Within SSG, it had started investing in wind energy about a year or so before I went into that group, and that eventually became the alternative energy investing group. We owned Horizon Wind Energy, which is now the guts of EDP Renewables here in the US and we also owned the largest share of SunEdison, which is how I know my friend, Jigar Shah, really well from going back a long time. 

I got to learn the wind industry after seeing it in Spain, I got to learn the US version from the inside out and from a really nice perch where working with the amazing senior leadership team, Michael Skelly, et cetera, from Horizon. But then also meeting all their contexts and learning all their best practices, that positioned me to go out and start Own Energy. 

So, I had to bring you up to speed there, Chris, but flipping over to Own Energy, we had a real nice exit when we sold Horizon to EDP. I think it was the first billion or more exit of a renewables company in the US. Check me on that, but I'm pretty sure and that teed me up nicely to go out and start my own entrepreneurial journey. 

Now, quick note of history, there had not been many, if any, venture capital backed renewables developers as of that time. I think we may have been the first and so that early on set us on a little bit of a different path than I think most people are accustomed to thinking about around renewable generation and building big infrastructure. And being the only venture backed wind developer really gave us an entrepreneurial bend that gave us a leg up around the industry. Not least of which, Chris, because when the trend towards corporate purchasing of renewables started around 2010, 2011, we felt like we had similar DNA to companies like Google and other big successful tech companies that were starting to buy wind and solar back then. 

So, some of our larger scale brethren were like, “We'll see if this turns into a real thing,” we were like, “Hell yeah, give us more of that.” We just started chasing these corporates all over until we finally landed our first couple of contracts. 

11:30

Chris Wedding:

Just going back a note or two, your friend in Spain at AES, who gave you that helpful nudge, you call him el jefe, this is like chief, yeah? 

Jake Susman:

That's right. 

Chris Wedding:

Nice and you mentioned the Special Situations Group at Goldman.

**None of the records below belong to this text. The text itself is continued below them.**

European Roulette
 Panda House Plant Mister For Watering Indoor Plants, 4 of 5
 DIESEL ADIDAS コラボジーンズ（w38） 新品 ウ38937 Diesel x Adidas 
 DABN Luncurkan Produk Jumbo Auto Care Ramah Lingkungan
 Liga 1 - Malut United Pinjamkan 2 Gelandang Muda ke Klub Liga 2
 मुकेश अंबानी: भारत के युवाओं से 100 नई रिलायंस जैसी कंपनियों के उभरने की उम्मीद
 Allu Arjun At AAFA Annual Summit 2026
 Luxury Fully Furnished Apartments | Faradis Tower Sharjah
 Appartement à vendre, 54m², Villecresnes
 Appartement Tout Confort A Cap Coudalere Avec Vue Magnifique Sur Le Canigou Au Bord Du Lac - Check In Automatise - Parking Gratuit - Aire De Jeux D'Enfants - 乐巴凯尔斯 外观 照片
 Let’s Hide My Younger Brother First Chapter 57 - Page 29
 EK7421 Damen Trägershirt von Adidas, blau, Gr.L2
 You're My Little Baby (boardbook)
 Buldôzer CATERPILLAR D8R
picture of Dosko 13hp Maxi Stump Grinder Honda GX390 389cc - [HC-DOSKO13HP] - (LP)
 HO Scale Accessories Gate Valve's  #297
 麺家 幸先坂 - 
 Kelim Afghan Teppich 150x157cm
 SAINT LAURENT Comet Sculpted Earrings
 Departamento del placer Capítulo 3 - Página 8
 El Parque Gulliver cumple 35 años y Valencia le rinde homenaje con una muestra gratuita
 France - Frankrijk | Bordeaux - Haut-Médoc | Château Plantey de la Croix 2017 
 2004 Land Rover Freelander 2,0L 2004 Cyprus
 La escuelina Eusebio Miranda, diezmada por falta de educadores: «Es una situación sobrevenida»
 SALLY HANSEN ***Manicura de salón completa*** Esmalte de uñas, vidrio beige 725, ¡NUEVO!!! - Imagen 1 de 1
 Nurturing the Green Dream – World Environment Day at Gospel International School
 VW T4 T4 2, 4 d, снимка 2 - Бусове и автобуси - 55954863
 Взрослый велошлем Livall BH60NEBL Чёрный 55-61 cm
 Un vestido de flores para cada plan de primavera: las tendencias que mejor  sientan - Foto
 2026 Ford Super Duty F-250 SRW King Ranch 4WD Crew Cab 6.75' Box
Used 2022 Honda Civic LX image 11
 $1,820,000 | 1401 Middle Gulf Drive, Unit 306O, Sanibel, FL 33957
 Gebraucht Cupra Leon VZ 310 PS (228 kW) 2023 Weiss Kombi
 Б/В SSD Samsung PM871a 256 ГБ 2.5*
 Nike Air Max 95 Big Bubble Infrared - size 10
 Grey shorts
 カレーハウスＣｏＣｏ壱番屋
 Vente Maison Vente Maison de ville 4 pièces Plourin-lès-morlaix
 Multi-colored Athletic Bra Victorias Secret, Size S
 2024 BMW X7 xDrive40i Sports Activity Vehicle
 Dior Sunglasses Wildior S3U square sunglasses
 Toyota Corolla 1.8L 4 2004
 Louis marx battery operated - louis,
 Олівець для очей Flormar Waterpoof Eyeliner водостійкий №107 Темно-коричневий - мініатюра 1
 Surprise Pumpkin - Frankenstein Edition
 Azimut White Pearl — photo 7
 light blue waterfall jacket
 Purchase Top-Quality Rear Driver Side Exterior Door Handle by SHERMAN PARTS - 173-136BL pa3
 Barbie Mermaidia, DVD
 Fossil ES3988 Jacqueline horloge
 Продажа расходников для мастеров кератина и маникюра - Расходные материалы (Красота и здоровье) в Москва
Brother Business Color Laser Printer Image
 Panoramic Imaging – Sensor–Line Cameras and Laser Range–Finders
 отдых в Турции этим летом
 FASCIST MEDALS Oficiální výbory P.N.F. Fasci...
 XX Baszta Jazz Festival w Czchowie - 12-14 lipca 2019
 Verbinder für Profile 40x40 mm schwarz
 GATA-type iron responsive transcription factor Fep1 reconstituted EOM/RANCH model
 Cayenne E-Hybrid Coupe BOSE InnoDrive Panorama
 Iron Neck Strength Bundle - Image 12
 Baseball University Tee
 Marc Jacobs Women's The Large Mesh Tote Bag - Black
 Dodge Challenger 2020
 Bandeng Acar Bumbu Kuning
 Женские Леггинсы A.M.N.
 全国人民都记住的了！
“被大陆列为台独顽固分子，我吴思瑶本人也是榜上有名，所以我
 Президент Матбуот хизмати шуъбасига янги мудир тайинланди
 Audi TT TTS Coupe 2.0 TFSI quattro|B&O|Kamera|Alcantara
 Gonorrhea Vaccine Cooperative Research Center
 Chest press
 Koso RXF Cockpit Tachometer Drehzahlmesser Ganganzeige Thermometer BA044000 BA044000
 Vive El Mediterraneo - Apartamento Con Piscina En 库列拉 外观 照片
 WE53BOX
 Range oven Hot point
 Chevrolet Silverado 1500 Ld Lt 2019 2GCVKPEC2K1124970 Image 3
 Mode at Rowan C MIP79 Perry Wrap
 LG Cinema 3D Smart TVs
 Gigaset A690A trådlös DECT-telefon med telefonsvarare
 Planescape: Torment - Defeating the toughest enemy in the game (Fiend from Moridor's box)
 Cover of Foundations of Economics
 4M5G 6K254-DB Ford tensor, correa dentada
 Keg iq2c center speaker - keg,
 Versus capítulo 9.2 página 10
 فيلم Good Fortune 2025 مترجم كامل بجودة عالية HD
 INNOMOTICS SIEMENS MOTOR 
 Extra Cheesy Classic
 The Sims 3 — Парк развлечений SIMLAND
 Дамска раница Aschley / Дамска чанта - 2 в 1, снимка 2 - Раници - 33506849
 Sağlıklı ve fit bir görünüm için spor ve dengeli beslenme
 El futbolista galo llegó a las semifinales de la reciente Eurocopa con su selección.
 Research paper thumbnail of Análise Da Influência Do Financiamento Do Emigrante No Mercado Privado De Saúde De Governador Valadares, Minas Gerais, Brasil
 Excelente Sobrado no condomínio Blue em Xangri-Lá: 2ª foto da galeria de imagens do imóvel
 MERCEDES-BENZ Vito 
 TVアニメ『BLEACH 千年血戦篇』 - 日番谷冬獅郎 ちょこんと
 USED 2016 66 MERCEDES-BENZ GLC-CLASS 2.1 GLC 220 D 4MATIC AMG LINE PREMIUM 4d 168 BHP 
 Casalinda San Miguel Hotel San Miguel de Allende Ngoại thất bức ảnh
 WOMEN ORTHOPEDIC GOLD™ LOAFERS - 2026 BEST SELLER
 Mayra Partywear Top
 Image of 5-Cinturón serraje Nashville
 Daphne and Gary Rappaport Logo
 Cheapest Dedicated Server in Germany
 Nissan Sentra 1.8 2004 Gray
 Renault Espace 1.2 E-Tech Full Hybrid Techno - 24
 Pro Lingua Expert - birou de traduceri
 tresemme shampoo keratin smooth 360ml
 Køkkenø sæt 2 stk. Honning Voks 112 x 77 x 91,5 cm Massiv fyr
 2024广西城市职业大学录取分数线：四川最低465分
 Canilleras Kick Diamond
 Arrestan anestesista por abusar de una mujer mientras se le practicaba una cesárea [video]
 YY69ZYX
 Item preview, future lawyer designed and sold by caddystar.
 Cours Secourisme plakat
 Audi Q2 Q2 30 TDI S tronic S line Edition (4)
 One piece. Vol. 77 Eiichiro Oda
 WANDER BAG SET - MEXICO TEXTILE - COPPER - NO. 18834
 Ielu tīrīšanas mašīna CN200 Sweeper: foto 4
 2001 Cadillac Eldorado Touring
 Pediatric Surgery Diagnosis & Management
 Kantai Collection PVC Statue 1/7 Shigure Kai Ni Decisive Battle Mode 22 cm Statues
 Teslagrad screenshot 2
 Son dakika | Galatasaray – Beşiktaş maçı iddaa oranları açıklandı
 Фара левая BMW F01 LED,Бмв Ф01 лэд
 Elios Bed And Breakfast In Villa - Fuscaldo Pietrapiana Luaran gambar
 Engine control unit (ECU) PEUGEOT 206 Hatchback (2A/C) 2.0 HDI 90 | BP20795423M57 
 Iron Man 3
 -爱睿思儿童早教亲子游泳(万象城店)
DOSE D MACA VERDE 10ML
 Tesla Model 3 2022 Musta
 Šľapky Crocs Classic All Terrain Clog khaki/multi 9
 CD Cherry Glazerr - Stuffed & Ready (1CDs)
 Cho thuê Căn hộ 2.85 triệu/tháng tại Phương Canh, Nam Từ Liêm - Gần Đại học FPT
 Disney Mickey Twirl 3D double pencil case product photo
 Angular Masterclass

I think for folks who haven't heard of special situations groups, I always think like they do cool, weird shit. 

Maybe it's distress, maybe it's not, but it's a little bit like skunk work perhaps, will the following work, right? So, if listeners are entrepreneurial, but they want to maybe start in a larger financial institution, the special situations groups can be interesting. 

Jake Susman:

There's no doubt. You definitely have to fact check this one, Chris, but I remember there was at least one quarter where we represented certainly less than 5% of the firm's personnel, maybe like one or 2% and then we generated like 20% of its profits. I think that was because the flexibility you had in that group to do up and down the cap stack, any region in the world, you could own platforms, you could trade public equities, you could do just about everything in between, provided you could make the case for the investment option. 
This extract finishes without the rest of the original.